Your task:
Once you find the line with "فروش تعدادی ماژول" in the data that follows, repeat it and every line after it exactly, through the line with "Cirkewwa Boat Rental | Ilovemalta charters".

Stored data:
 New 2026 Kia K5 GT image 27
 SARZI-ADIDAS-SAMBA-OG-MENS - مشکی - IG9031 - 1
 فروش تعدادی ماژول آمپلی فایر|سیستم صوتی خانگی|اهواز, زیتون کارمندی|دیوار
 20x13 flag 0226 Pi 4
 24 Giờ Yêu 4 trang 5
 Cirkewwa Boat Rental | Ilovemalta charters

==

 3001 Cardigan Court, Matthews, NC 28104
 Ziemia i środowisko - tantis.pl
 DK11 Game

Task answer:
 فروش تعدادی ماژول آمپلی فایر|سیستم صوتی خانگی|اهواز, زیتون کارمندی|دیوار
 20x13 flag 0226 Pi 4
 24 Giờ Yêu 4 trang 5
 Cirkewwa Boat Rental | Ilovemalta charters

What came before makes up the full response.